■ WORK INSTRUCTIONS:
Give back the records that follow exactly, images excluded.
Segment Open
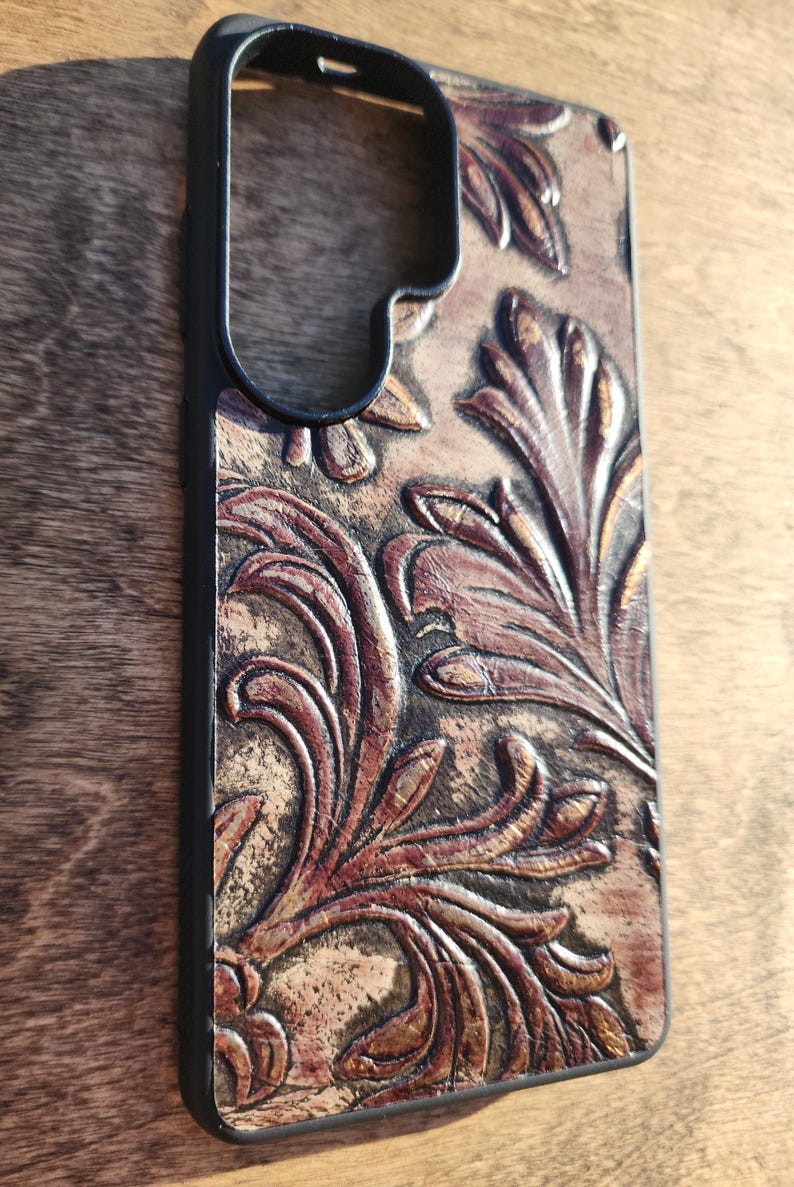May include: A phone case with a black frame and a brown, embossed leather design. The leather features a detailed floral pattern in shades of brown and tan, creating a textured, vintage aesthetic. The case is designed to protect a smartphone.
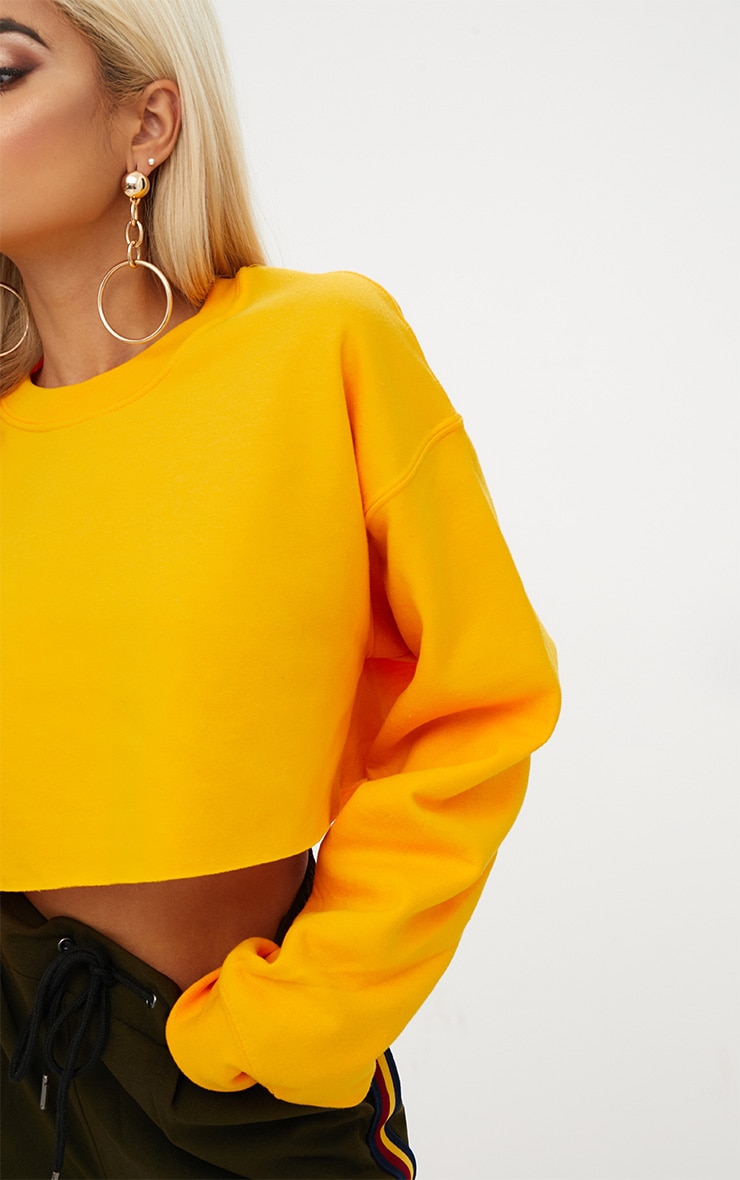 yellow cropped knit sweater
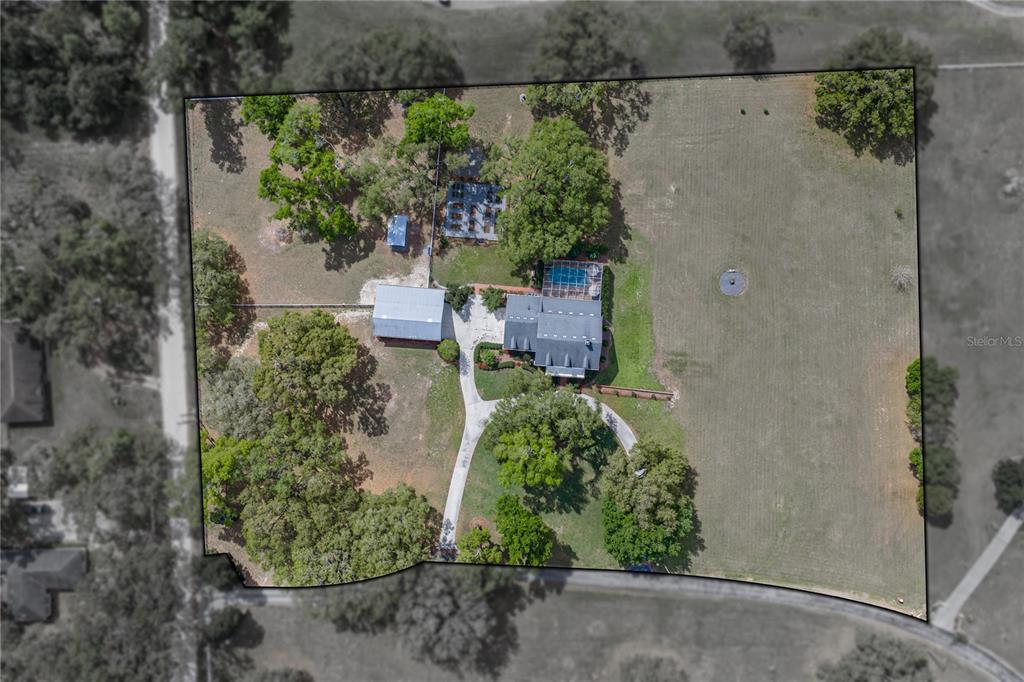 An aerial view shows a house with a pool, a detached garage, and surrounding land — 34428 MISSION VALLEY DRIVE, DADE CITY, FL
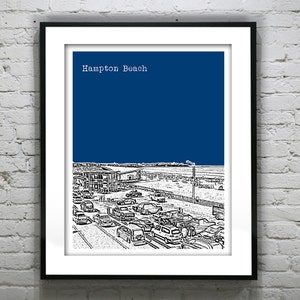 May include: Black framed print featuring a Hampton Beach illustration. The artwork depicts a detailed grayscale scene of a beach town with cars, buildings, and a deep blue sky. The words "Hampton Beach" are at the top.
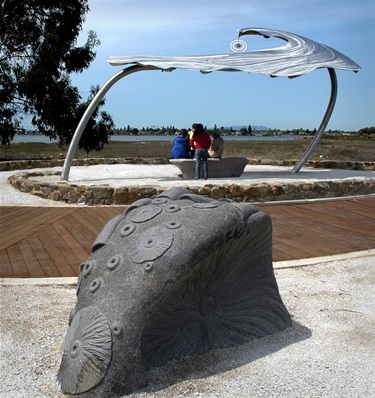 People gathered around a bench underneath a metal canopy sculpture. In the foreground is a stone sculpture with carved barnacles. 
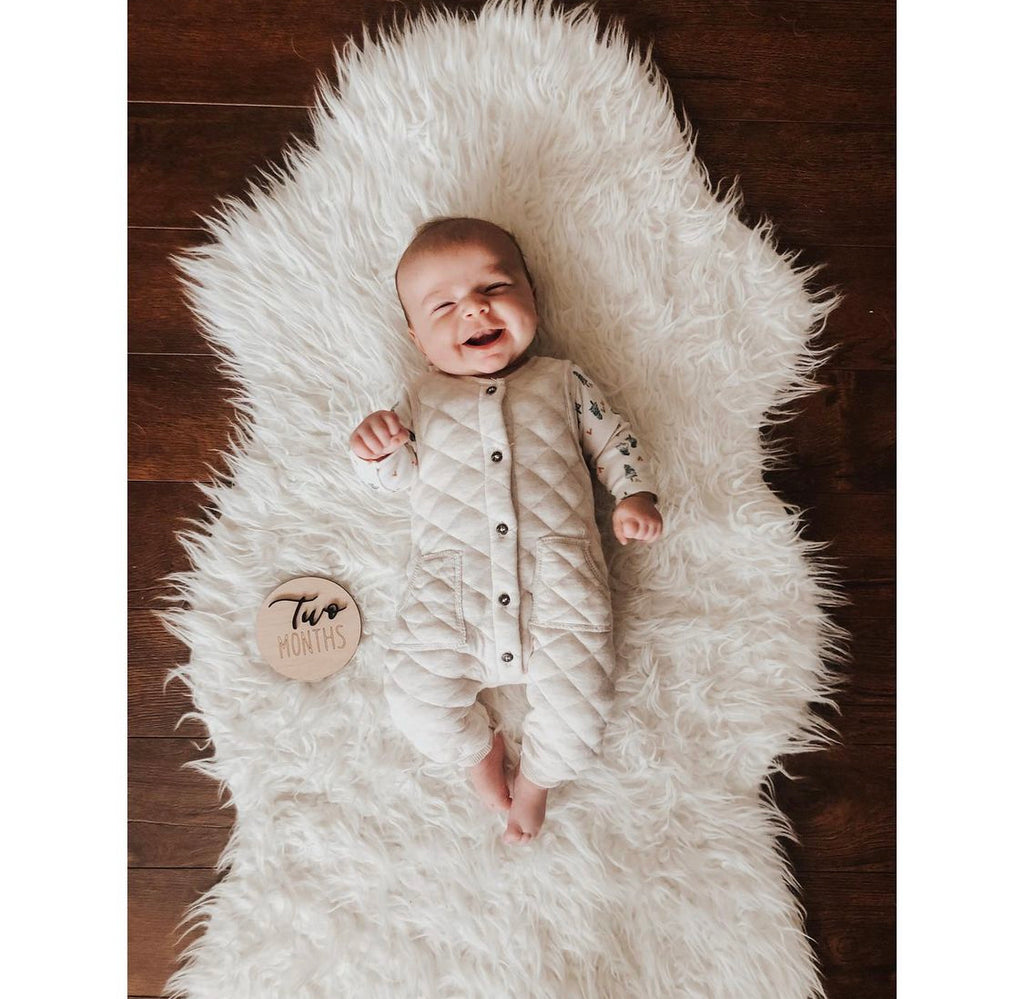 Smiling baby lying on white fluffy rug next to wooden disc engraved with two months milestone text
Segment Closed
■ EXERCISE OUTPUT:
May include: A phone case with a black frame and a brown, embossed leather design. The leather features a detailed floral pattern in shades of brown and tan, creating a textured, vintage aesthetic. The case is designed to protect a smartphone.
 yellow cropped knit sweater
 An aerial view shows a house with a pool, a detached garage, and surrounding land — 34428 MISSION VALLEY DRIVE, DADE CITY, FL
 May include: Black framed print featuring a Hampton Beach illustration. The artwork depicts a detailed grayscale scene of a beach town with cars, buildings, and a deep blue sky. The words "Hampton Beach" are at the top.
 People gathered around a bench underneath a metal canopy sculpture. In the foreground is a stone sculpture with carved barnacles. 
 Smiling baby lying on white fluffy rug next to wooden disc engraved with two months milestone text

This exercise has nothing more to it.